Available data:

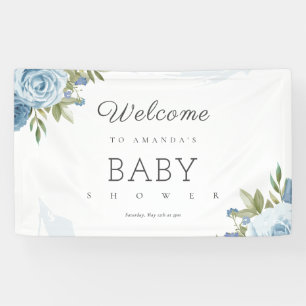 Little Sweetie Elegant Blue Botanical Baby Shower Banner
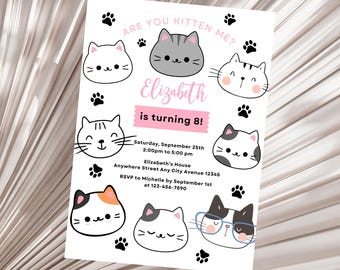 Kitty Cat Birthday Invitation, Pet Adoption Party Invite, Are you Kitten Me, Purrfect Birthday Invitation, Kitty Cat Party Invite Template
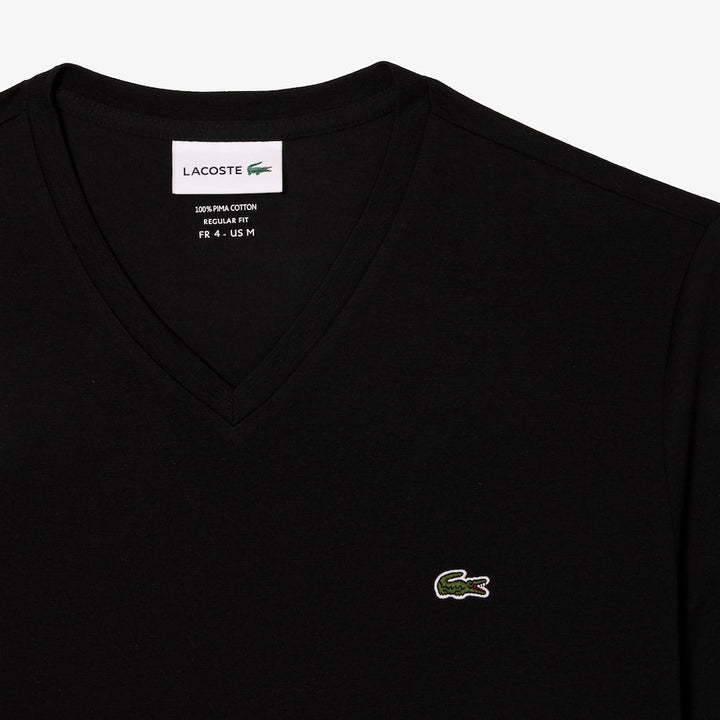 V-NECK COTTON T-SHIRT (BLACK) - LACOSTE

What the task asks:
Give the listing again word for word. Skip any pictures.

Expected answer:
 Little Sweetie Elegant Blue Botanical Baby Shower Banner
 Kitty Cat Birthday Invitation, Pet Adoption Party Invite, Are you Kitten Me, Purrfect Birthday Invitation, Kitty Cat Party Invite Template
 V-NECK COTTON T-SHIRT (BLACK) - LACOSTE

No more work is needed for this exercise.